### [Extracted material]

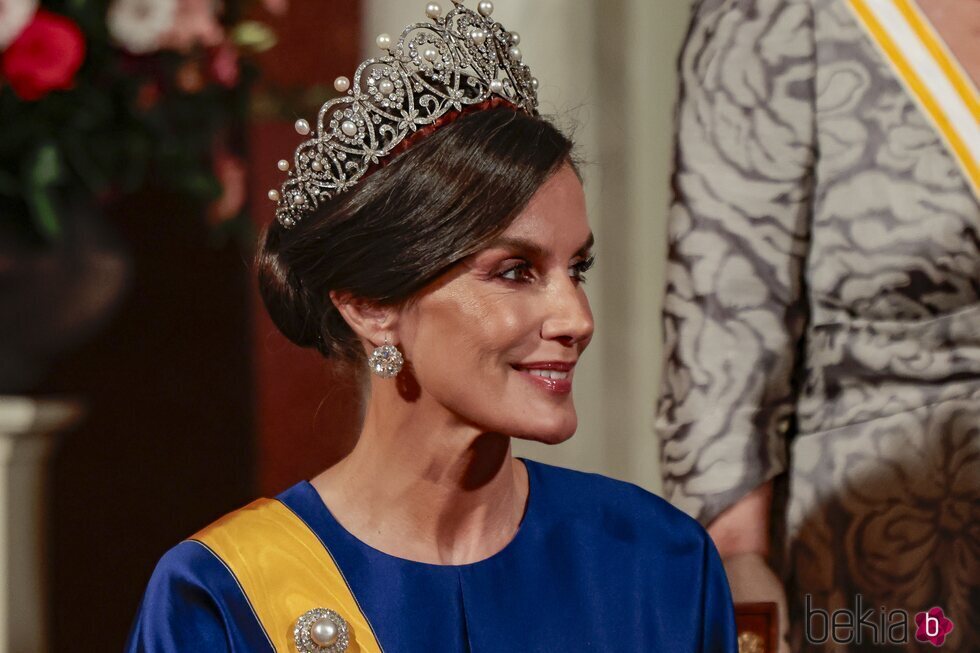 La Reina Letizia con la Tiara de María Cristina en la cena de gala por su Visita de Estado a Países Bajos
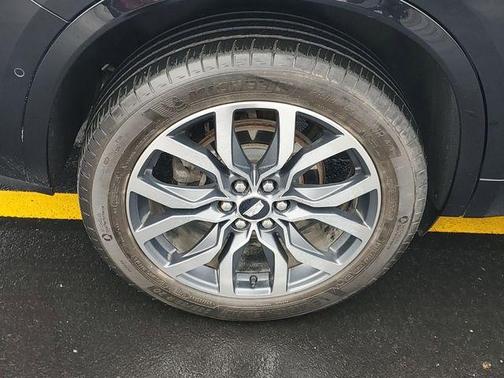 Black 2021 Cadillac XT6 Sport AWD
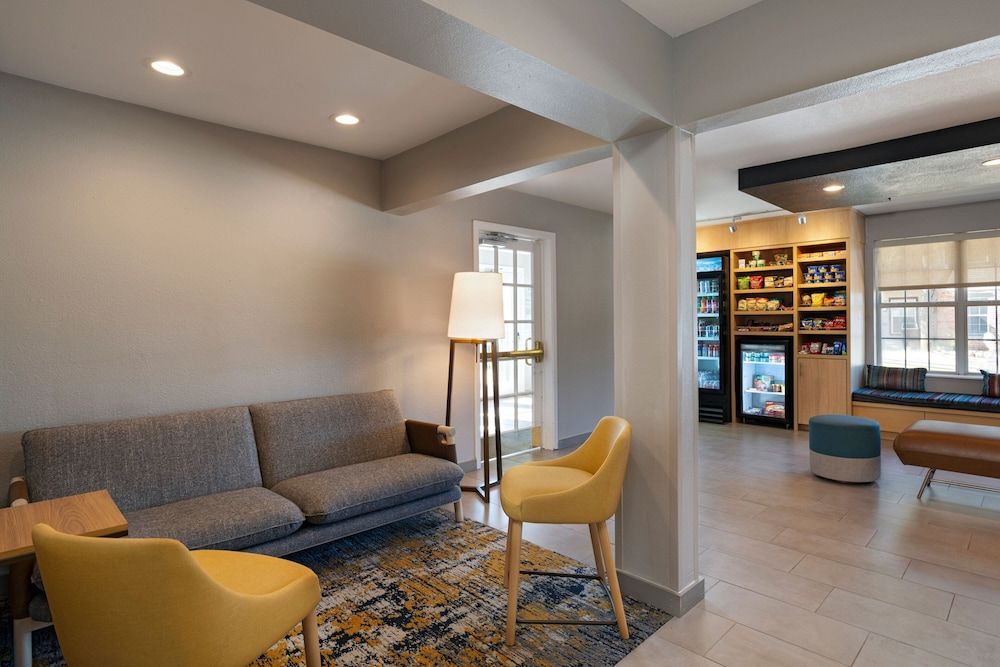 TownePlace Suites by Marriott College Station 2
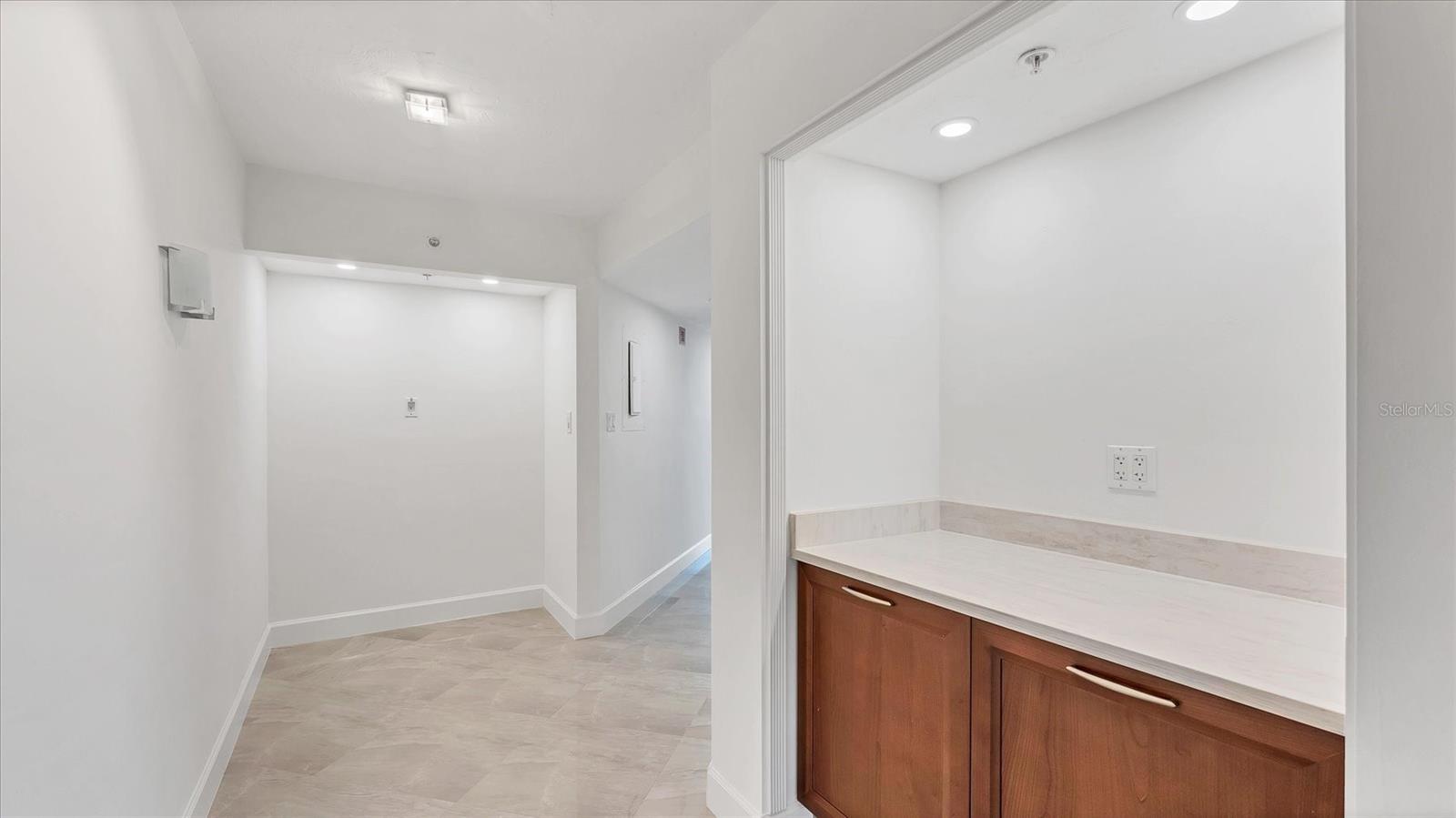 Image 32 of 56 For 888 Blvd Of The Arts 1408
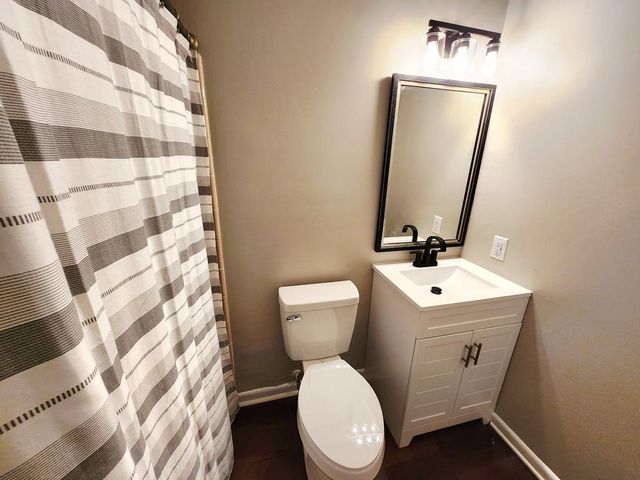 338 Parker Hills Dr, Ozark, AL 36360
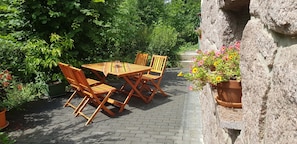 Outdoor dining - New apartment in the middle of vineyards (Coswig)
--
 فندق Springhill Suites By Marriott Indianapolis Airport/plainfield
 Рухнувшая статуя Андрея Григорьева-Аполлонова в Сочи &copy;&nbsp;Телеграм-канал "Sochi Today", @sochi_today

### [Exercise objective]
Print exactly, with no pictures, the lines above from the one that holds "La Reina Letizia" through the one that holds "Outdoor dining - New", both of them included.

### [Result for this exercise]
 La Reina Letizia con la Tiara de María Cristina en la cena de gala por su Visita de Estado a Países Bajos
 Black 2021 Cadillac XT6 Sport AWD
 TownePlace Suites by Marriott College Station 2
 Image 32 of 56 For 888 Blvd Of The Arts 1408
 338 Parker Hills Dr, Ozark, AL 36360
 Outdoor dining - New apartment in the middle of vineyards (Coswig)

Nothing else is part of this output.